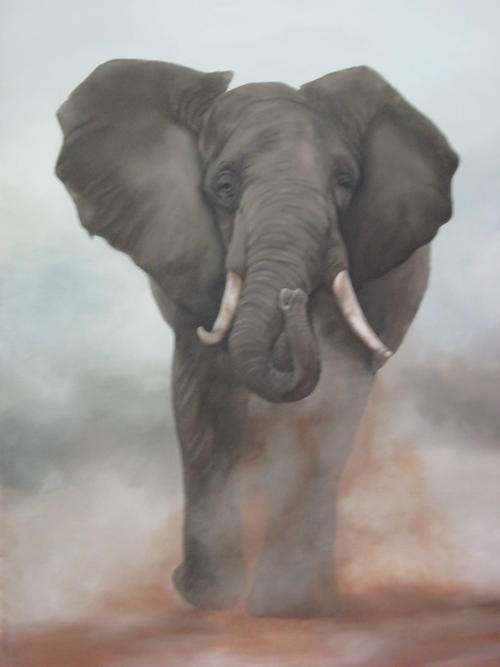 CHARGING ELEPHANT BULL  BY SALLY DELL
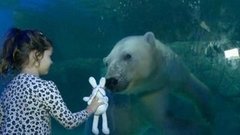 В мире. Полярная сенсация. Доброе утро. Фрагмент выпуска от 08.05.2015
####
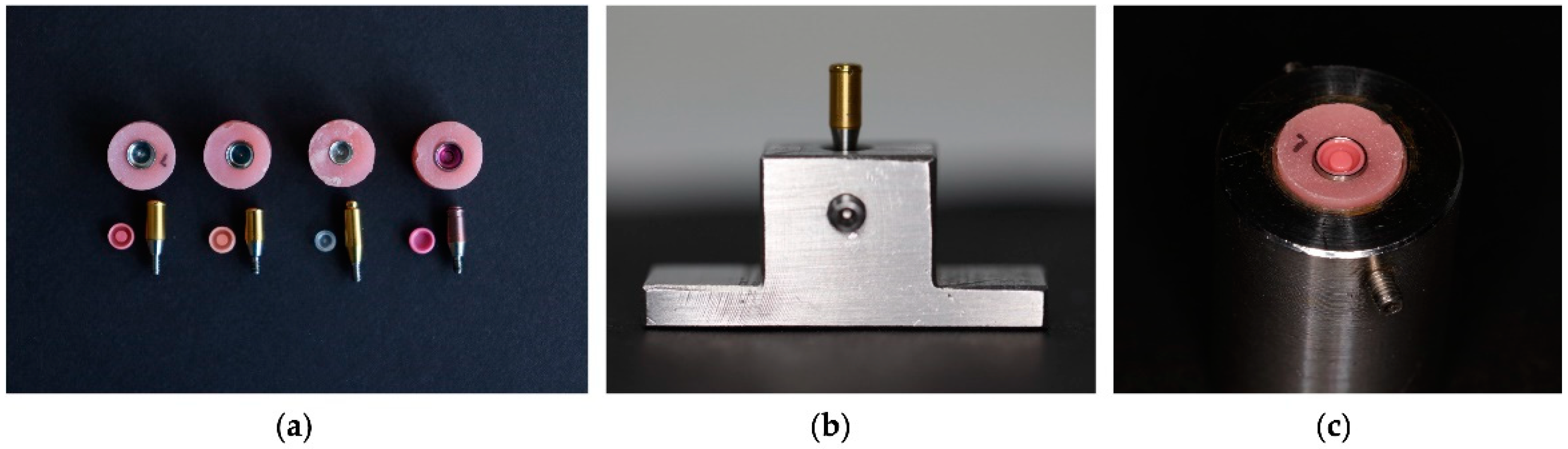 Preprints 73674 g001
####
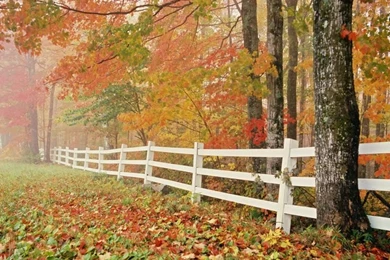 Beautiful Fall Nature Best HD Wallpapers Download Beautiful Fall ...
####
* [Try it]
Transcribe, word for word, the lines of the listing above from the one that contains "CHARGING ELEPHANT BULL" through the one that contains "В мире. Полярная сенсация.", keeping both ends and dropping the pictures.

* [Task answer]
 CHARGING ELEPHANT BULL  BY SALLY DELL
 В мире. Полярная сенсация. Доброе утро. Фрагмент выпуска от 08.05.2015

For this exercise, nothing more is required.